The Trustee's last time-related issue involves 8 hours spent by Mr. Klaassen in the preparation and drafting of the debtors' motion for sale of certain real property incident to the confirmed plan. The Court notes that two entries, one on November 8, 2000 and the other on November 9, 2000 include these 8 hours, along with additional time spent by Mr. Klaassen in dealing with parties to the sale agreement concerning various issues. While the sale motion is detailed and thorough, the Court believes this document could have been assembled in less time and, accordingly, reduces by four (4) hours the time charged for this service.

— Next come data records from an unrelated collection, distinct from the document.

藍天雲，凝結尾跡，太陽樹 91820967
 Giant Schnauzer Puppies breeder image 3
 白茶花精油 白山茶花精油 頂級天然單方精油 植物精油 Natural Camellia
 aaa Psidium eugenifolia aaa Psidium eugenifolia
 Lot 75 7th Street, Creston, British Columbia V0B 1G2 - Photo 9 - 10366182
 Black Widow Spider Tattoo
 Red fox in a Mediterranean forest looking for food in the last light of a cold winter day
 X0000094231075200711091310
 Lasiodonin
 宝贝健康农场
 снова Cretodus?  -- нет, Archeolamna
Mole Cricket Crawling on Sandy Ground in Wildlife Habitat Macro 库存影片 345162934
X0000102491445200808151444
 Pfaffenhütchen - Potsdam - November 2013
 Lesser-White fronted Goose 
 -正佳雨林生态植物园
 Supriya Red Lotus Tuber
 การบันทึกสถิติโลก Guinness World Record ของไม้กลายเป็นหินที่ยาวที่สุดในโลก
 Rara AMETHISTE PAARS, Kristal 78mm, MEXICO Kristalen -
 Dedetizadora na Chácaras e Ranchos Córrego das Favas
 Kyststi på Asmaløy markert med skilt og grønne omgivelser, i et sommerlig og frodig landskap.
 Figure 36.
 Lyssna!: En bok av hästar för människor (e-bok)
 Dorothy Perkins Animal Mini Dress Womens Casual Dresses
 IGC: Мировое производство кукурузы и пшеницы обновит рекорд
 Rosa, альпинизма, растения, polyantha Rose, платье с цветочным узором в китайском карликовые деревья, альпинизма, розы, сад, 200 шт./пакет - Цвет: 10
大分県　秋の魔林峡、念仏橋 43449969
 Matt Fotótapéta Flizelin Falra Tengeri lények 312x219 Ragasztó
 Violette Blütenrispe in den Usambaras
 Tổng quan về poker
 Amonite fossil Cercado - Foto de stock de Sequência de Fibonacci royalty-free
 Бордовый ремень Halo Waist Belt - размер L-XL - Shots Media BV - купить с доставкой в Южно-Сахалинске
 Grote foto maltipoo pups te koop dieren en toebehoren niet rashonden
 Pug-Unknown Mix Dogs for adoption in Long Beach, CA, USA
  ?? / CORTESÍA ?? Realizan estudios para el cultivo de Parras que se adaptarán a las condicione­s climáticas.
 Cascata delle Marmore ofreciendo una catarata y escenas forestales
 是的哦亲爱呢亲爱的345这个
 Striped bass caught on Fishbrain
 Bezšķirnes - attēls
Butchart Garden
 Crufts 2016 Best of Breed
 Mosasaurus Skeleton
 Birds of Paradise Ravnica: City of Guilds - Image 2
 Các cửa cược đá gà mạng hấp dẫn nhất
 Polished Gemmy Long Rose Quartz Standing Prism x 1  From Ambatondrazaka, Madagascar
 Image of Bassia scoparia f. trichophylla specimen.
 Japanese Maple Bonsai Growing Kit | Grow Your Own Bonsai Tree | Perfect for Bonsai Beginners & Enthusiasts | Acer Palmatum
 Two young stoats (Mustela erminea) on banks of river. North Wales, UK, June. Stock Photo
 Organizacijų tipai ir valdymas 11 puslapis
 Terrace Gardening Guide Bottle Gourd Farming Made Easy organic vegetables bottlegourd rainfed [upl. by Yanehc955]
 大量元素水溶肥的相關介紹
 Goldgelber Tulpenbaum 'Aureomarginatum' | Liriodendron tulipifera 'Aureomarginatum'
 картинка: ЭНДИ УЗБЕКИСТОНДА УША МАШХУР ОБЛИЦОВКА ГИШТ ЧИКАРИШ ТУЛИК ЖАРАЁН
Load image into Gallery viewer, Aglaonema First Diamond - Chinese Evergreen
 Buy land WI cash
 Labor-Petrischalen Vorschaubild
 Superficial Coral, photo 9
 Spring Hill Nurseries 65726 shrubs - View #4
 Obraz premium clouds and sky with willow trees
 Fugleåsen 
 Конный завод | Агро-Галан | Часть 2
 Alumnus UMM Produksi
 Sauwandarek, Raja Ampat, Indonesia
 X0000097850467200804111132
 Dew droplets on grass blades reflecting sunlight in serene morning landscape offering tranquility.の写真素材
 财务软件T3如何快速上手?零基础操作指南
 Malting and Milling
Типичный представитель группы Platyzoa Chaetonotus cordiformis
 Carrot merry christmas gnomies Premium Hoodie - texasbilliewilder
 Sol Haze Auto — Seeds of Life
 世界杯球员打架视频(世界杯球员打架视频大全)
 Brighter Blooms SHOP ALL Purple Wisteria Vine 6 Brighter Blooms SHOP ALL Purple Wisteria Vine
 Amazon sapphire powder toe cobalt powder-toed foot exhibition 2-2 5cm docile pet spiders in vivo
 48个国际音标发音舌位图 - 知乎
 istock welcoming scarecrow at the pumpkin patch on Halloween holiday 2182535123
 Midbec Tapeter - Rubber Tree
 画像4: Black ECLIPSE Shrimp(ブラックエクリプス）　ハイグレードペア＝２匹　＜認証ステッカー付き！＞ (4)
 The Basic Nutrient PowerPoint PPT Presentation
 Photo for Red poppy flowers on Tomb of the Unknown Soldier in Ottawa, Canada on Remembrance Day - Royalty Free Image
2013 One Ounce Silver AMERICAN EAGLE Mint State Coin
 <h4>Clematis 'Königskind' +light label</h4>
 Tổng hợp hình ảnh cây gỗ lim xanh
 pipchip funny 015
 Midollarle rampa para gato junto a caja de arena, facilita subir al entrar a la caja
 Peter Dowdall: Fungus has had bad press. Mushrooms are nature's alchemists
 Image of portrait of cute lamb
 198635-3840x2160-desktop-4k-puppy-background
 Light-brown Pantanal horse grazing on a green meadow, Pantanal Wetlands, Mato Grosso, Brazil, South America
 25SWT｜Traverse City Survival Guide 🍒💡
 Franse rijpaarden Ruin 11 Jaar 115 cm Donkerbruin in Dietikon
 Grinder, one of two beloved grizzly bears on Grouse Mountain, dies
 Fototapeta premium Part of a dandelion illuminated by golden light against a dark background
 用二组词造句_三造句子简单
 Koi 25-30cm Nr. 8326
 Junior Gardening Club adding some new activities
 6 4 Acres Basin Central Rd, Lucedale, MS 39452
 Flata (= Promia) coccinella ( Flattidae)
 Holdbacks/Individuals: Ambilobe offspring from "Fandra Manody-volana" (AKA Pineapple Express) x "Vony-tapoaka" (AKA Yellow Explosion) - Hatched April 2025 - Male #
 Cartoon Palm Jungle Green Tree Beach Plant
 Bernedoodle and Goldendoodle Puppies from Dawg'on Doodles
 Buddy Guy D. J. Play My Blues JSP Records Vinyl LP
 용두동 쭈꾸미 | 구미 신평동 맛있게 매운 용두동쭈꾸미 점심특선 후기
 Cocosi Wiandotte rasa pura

The Trustee notes the existence of a "batched" entry for 7.75 hours spent in negotiating and drafting the sales contract on November 7, 2000. The Court discourages batched entries which make it difficult, if not impossible to determine how much time was expended on each particular task listed in the batch. See In re Cascade Oil. 126 B.R. 99, 105 (D. Kan. 1991). This appears to be the only such entry in Mr. Klaassen's motion and numerous other batch entries contain detail as to time. The Court temporarily disallows this entry pending Mr. Klaassen's providing supplementation of same with a breakdown for time expended.

Turning to the Trustee's second concern, counsel's driving of pleadings to Topeka, the Trustee questions three charges for counsel's personal travel to Topeka to file documents. First, Mr. Klaassen traveled to Topeka on October 27, 1999 to file a pleading which was most likely the debtors' objection to Caterpillar's motion for stay relief which was due that day. The drive from Marquette to Topeka is a two-and-a-half hour drive for which Mr. Klaassen billed 1.25 hours each way. Then Mr. Klaassen made the same drive on December 23, 1999, ostensibly to file the plan which was due on December 24. He billed 2.5 hours for this service. Finally, Mr. Klaassen billed another 2.5 hours for a trip to Topeka for filing on January 4, 2000 which appears to be the last day upon which an objection to Cooperative Finance Association, Inc.'s stay relief motion could be filed.

At the hearing on November 5, 2001, the Court queried Mr. Klaassen concerning the efficacy of driving these pleadings to Topeka versus mailing or transporting them by other means. Mr. Klaassen responded that each of these drives was necessitated by the looming deadlines in question. It appears to the Court that, with better planning, these documents could have been prepared timely so that they might have been overnighted to Topeka at considerably less cost than $250 per trip plus mileage reimbursements of $91.35 per trip according to the expenses statement contained in the Motion. The Court will allow the mileage expense prayed for, but disallow the driving time of 7.5 hours.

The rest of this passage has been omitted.